Im Prozess gegen einen 35-Jährigen, der im August 2022 einen anderen Mann mit zehn Schüssen verletzte, ist das Urteil gefallen.
Urteil35-Jähriger muss nach Schüssen vor Troisdorfer Bar sechs Jahre in Haft
Die Szene brachte manchen im Publikum zum Lächeln: Ein Vater durfte sein Töchterchen herzen, das ihm seine Frau zur Anklagebank gebracht hatte. Das war für den 35-Jährigen aus Troisdorf wohl der einzige Moment des Glücks an diesem Donnerstagvormittag, denn dann verkündete das Schwurgericht sein Urteil.

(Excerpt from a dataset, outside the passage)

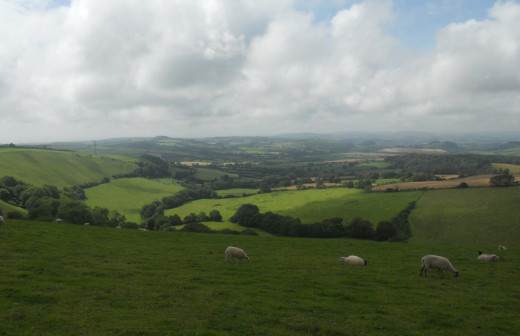 The rolling hills and vales of the Dorset countryside. Much of this farmland remains unchanged since Hardy's time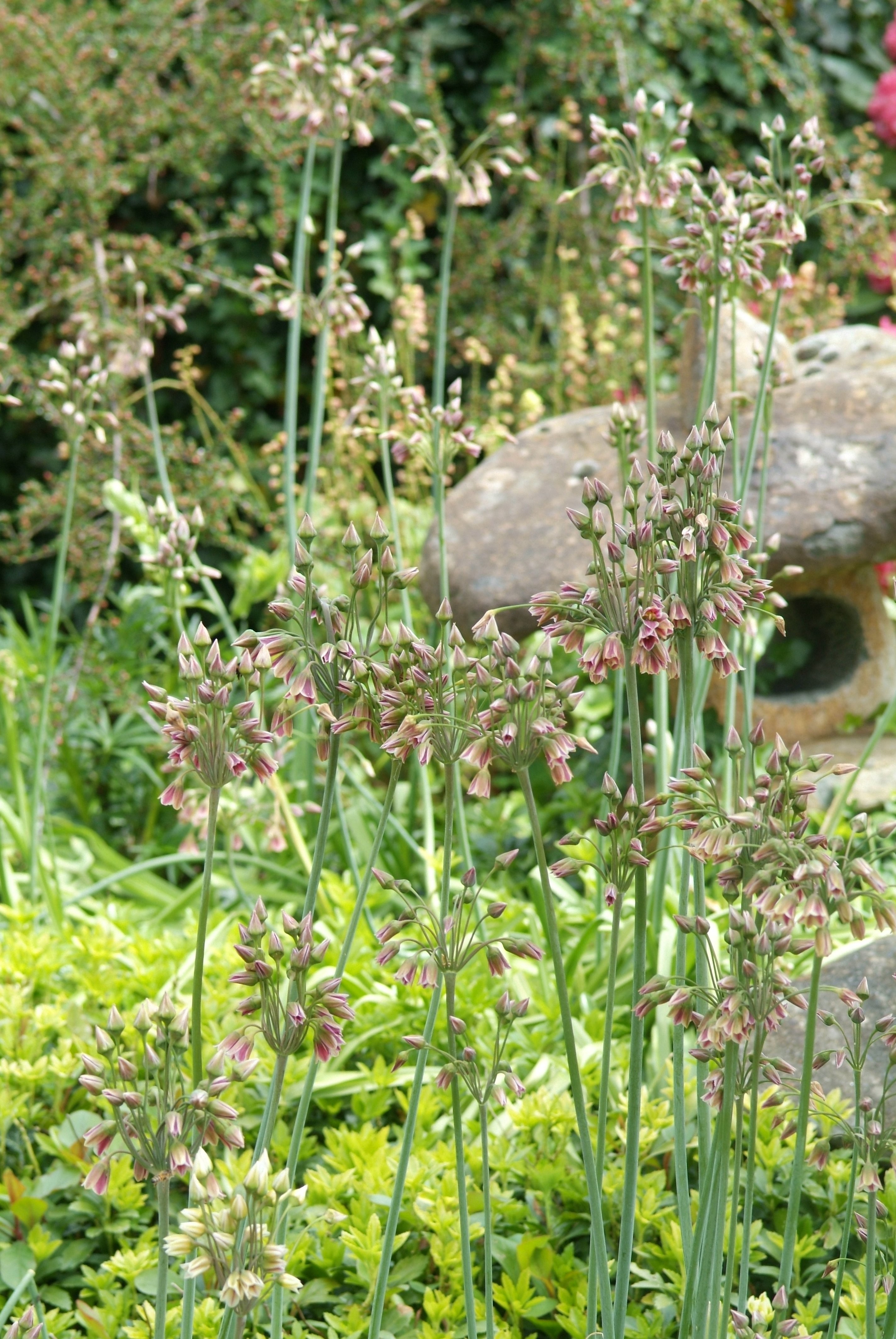Nectaroscordum siculum var. bulgaricum Bulgaarse (sier)ui De Tuinen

Er wurde wegen versuchten Totschlags, gefährlicher Körperverletzung, gefährlichen Eingriffs in den Straßenverkehr und Verstoßes gegen das Waffengesetz zu einer Freiheitsstrafe von sechs Jahren und drei Monaten verurteilt.
Der Angeklagte nahm den Richterspruch mit Zorn zur Kenntnis, konnte sich kaum beruhigen und fiel dem Vorsitzenden Richter bei der Urteilsbegründung wiederholt ins Wort.
Das Gericht sah es als erwiesen an, dass der Boxer am späten Abend des 31. August vergangenen Jahres in der Kölner Straße in Troisdorf mit einer Pistole auf einen ehemaligen Freund (46) geschossen hat, der in einem Auto saß.
Acht bis zehn Schüsse wurden abgegeben, das Opfer wurde durch ein Projektil in beide Unterschenkel getroffen. Weitere Projektile schlugen in dem weißen Audi des Opfers ein, in Wohnungen, ein Schaufenster und in die Ölleitung eines geparkten Lkw. Der Schwurgerichtsvorsitzende Klaus Reinhoff sprach von einem „Ausbruch von Gewalt“ mitten auf einer belebten Straße.
Schießerei in Troisdorf: Verteidiger kündigte Rechtsmittel an
Der Angeklagte gab acht bis zehn Schüsse ab.Mehrere Patronen schlugen in benachbarte Häuser ein.
Warum? Die Antwort gab der Richter: Es ging um verletzte Ehre. Die früheren Freunde trafen in einer Shisha-Bar aufeinander, stritten zunächst über eine Frau, prügelten sich in der Küche.
Danach vereinbarten die Männer, sich wenig später erneut zu treffen, um die Angelegenheit zu klären. Einer gegen einen, möglicherweise beide mit Waffen.
Schießerei in Troisdorf: Aussage des Opfers war erfunden
Laut Anklage soll der 35-Jährige dort gegen 23 Uhr gewartet haben; als der andere vorfuhr, soll der Angeklagte die Fahrertür geöffnet und zweimal mit einer Pistole auf den Fahrer gezielt haben, doch es habe sich kein Schuss gelöst. Der Staatsanwalt hatte sich auf die Aussage des Opfers gestützt. „Doch das war nicht so!“, stellte die Kammer fest, der 46-Jährige habe das erfunden.
Nach Überzeugung der Richter hat sich die Sache vielmehr so zugetragen: Der Angeklagte wartete zur verabredeten Zeit an der Bar, das spätere Opfer musste mit seinem Wagen an der Ecke Kölner Straße/Hohenzollernstraße stoppen, um einem anderen die Vorfahrt zu gewähren; das bestätigte ein Zeuge.
Als der Wagen wieder anfuhr, feuerte der 36-Jährige los, weil er geglaubt habe, der andere wolle ihn überrollen. Er habe nur das Auto stoppen wollen, nicht aber auf den Fahrer gezielt, erklärte er.
Die Richter nahmen ihm das nicht ab, denn nach der Aussage des Zeugen sei der Audi langsam gefahren, der Fahrer habe beide Hände am Steuer gehabt, konnte mithin keine Waffe in der Hand gehabt haben. Das sei versuchter Totschlag, spätestens mit den Schüssen. Reinhoff: „Diese Aggression, die Sie entfalten, ist erschreckend!“
Das Opfer hatte von seinem Aussageverweigerungsrecht Gebrauch gemacht. Der Verteidiger des Angeklagten, Carsten Rubarth, kündigte Rechtsmittel gegen das Urteil an.